To promote good business practices, capital market watchdog SEBI is working on revised listing agreement norms that would include enhanced corporate governance provisions.

The board of Securities and Exchange Board of India (SEBI), in February this year, had approved new corporate governance norms that require companies to justify CEO salaries, put in place whistle—blower policies and have orderly succession plans.

Sebi’s Whole Time Member Prashant Saran today said the regulator is working on revised listing agreement for companies.

Noting that it is a detailed process, he said it was difficult to give a time line.

According to him, SEBI keeps on evolving guidelines and policy measures to put in place norms for better corporate governance.

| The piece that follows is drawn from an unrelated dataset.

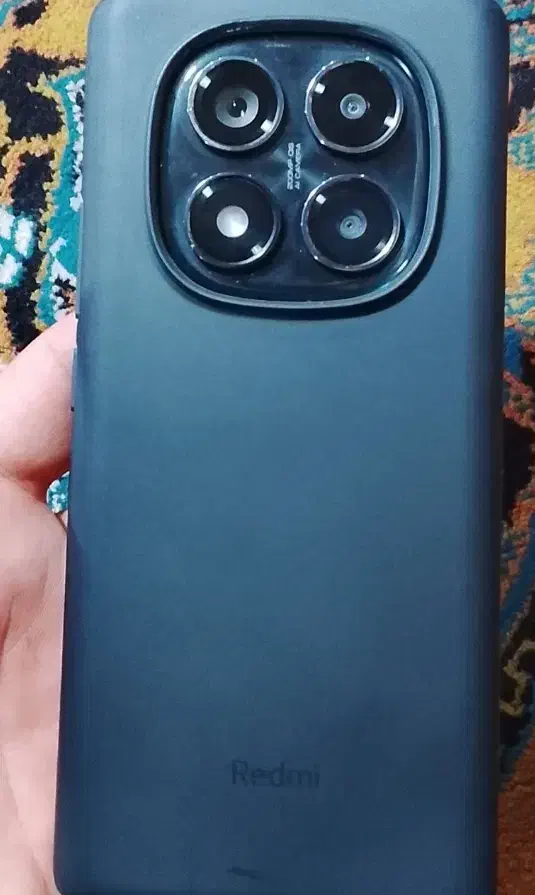 Redmi not14pro|موبایل|لردگان, |دیوار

He was participating at a conference organised by PHD Chamber of Commerce and Industry.

Under the new corporate governance norms, to be effective from October 1, listed companies require greater oversight of and by independent directors, greater checks on all related party transactions involving promoters and directors and limits on directorships and remuneration of board members.

Among others, the new norms, finalised after detailed consultations over draft regulations released in January 2013, seek to exclude ‘nominee directors’ from the definition of independent directors.

Other proposals include compulsory whistle blower mechanism, expanded role of audit committee, prohibition of stock options to independent directors and enhanced disclosure of remuneration policies.